(CN) – A federal judge refused to certify a class of college applicants who were denied in-state tuition in Florida because their parents are undocumented immigrants.
The named plaintiffs, natural-born citizens living in Florida, said that the State Board of Education refused to classify them as residents for tuition purposes because their parents could not establish legal residence in the state.
To qualify for lower in-state tuition rates, public university applicants in Florida must prove they have resided legally in the state for the 12 consecutive months preceding enrollment. If the applicants are claimed as dependents on their parents’ tax returns, the parents must prove continuous legal residence in the state as well.
The plaintiffs, all dependents under 24, claimed that the state wrongfully classified them as “non-residents” who would face higher tuition rates because they could not establish their parents’ lawful immigration status.
They argued the classification violated their constitutional rights, and sought class certification.
U.S. District Judge K. Michael Moore denied their request Thursday, finding that a class action would be unduly burdensome.
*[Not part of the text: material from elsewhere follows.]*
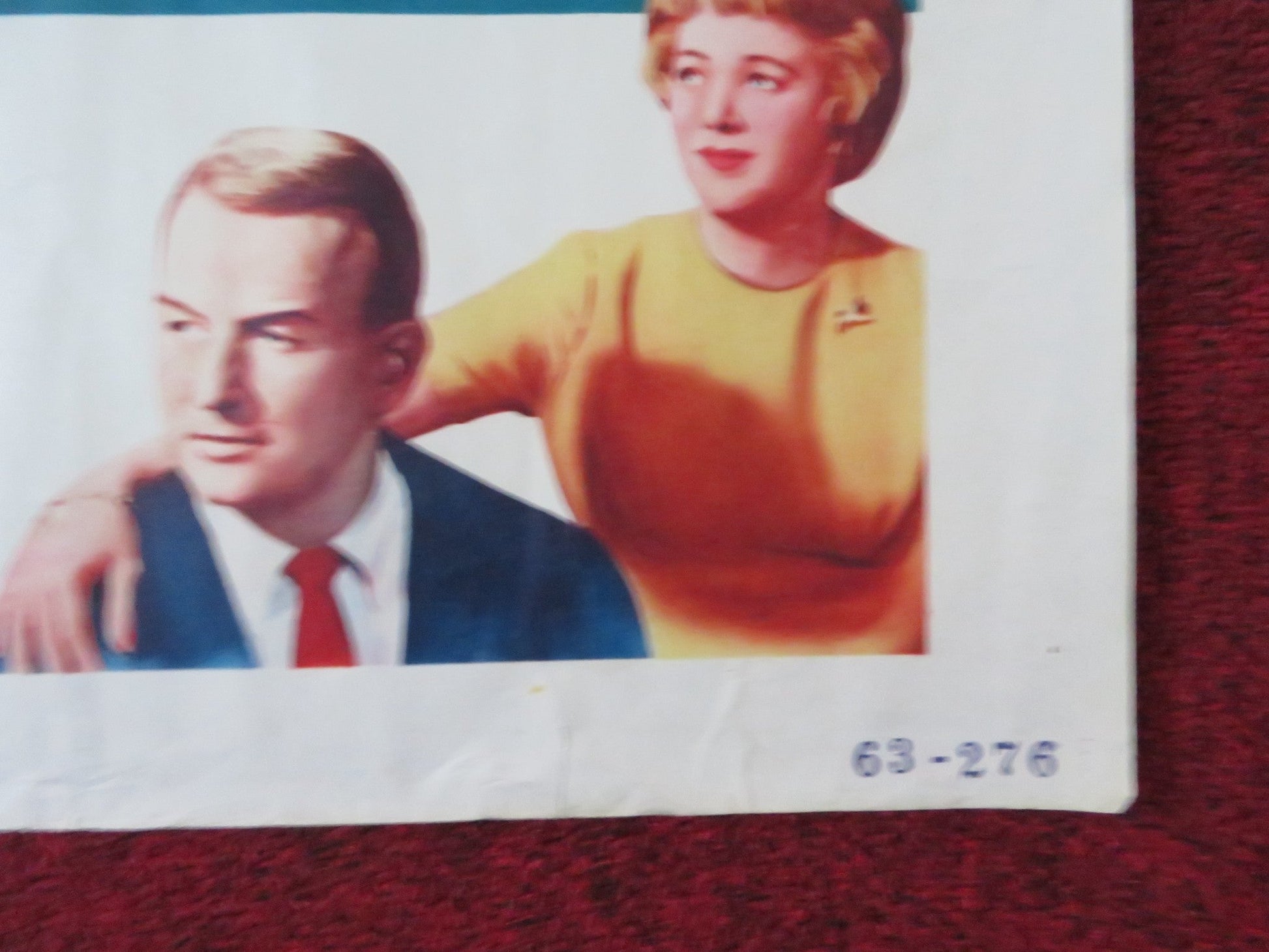 GIDGET GOES TO ROME HALF SHEET (22"x 28") POSTER JAMES DARREN JESSIE ROYCE 1963 Rendezvous Cinema Movie posters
Moore rejected the claims that the case alleged by the individual plaintiffs would become moot once they reach the age of 24 and become independent.
None of the named plaintiffs are over 20, and some of them are only 18, which gives them six years until independent status would moot their claims, the ruling states.
Moore said there was no “imminent threat of mootness” requiring class certification to protect the putative class members’ interests.